Exercise description: All of the data goes into your copy exactly as written. Images do not.

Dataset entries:
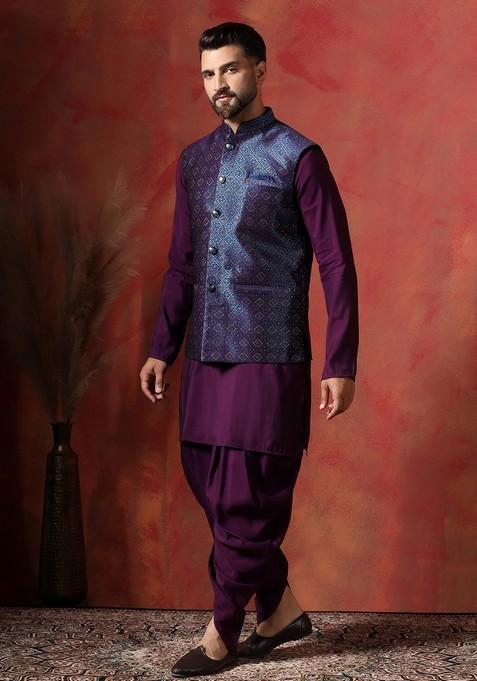 Navy Blue Embroidered Jacquard Nehru Jacket Set For Men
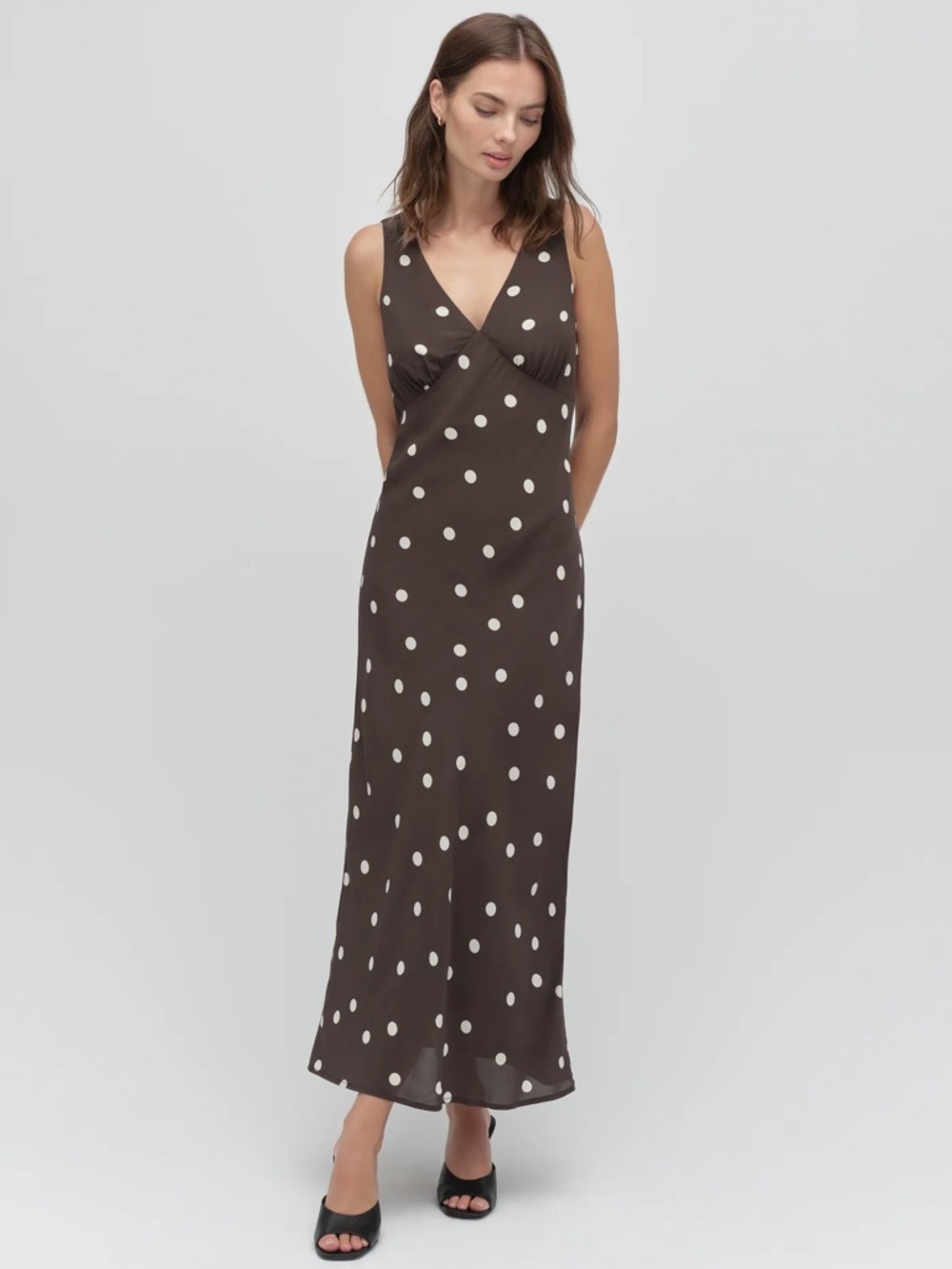 Favorite Daughter-The Anyday Anytime Dress in Espresso Polka Dot
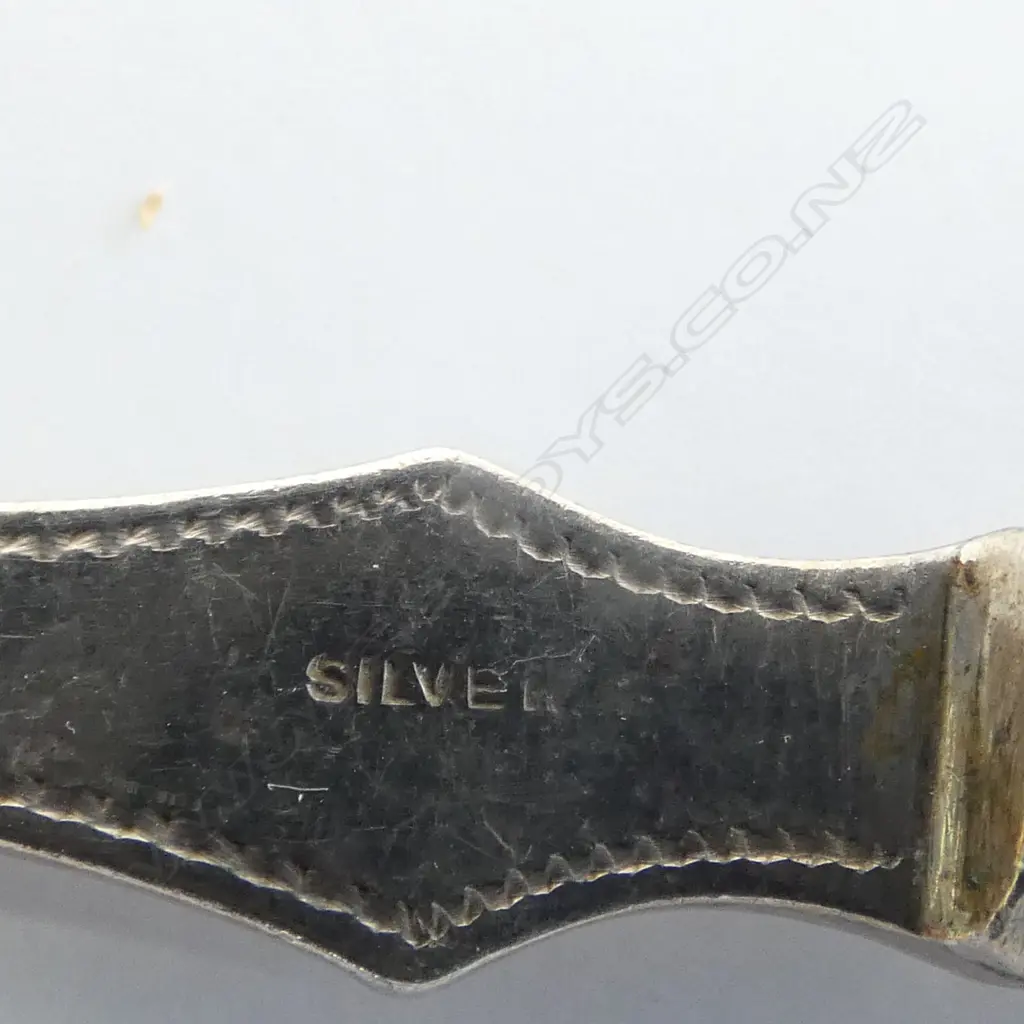3 PCES STG SILVER CUTLERY; 2 w. GREENSTONE HANDLES, 1 MoP Image 1++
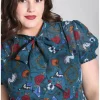 Hell Bunny Sianna 40's Blouse in Teal
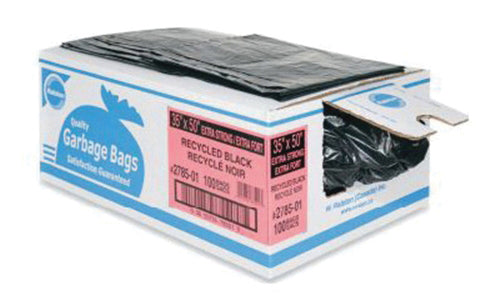 W. Ralston 277701B 2700 Recycled Garbage Bag, Strong, 48 in L x 42 in W, LLDPE/Premium Super Hexene Resin, Black 100/CS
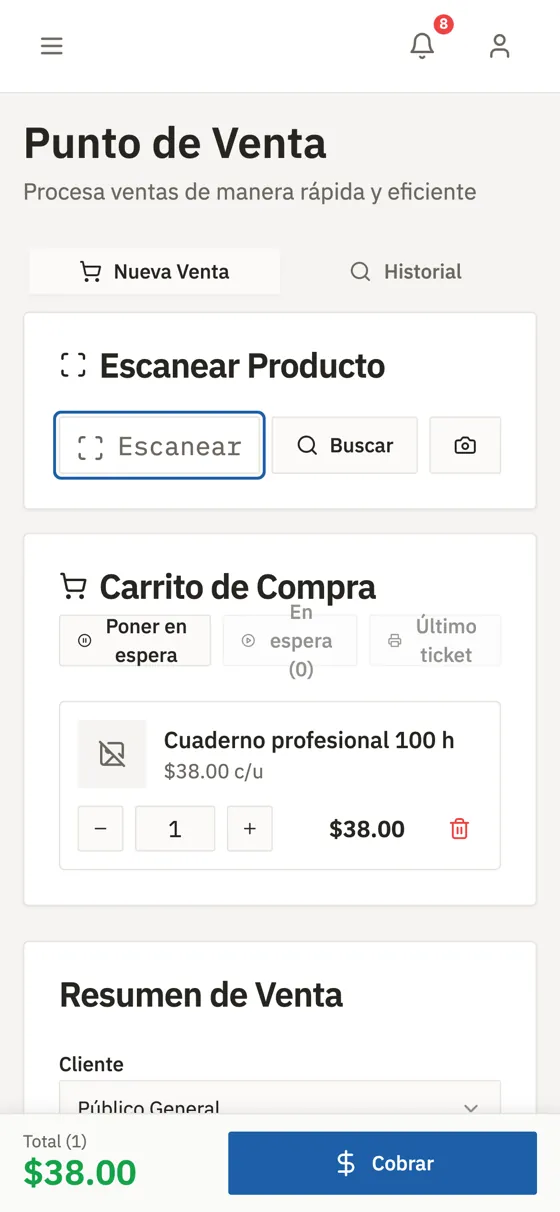 AXIOMA POS en un teléfono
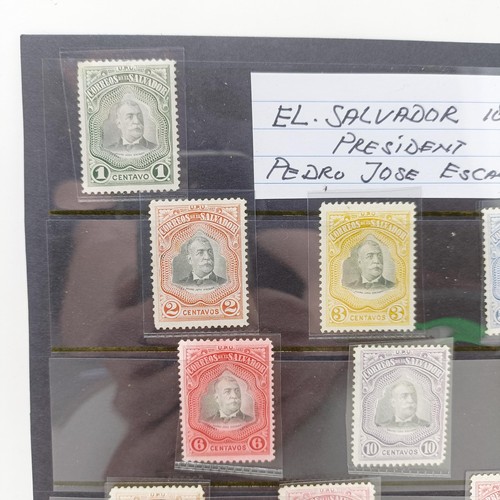 187 - A set of El Salvador 1857-1923 President Escalon stamps, 1 Centavo-100 Centavos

Written response:
 Navy Blue Embroidered Jacquard Nehru Jacket Set For Men
 Favorite Daughter-The Anyday Anytime Dress in Espresso Polka Dot
3 PCES STG SILVER CUTLERY; 2 w. GREENSTONE HANDLES, 1 MoP Image 1++
 Hell Bunny Sianna 40's Blouse in Teal
 W. Ralston 277701B 2700 Recycled Garbage Bag, Strong, 48 in L x 42 in W, LLDPE/Premium Super Hexene Resin, Black 100/CS
 AXIOMA POS en un teléfono
 187 - A set of El Salvador 1857-1923 President Escalon stamps, 1 Centavo-100 Centavos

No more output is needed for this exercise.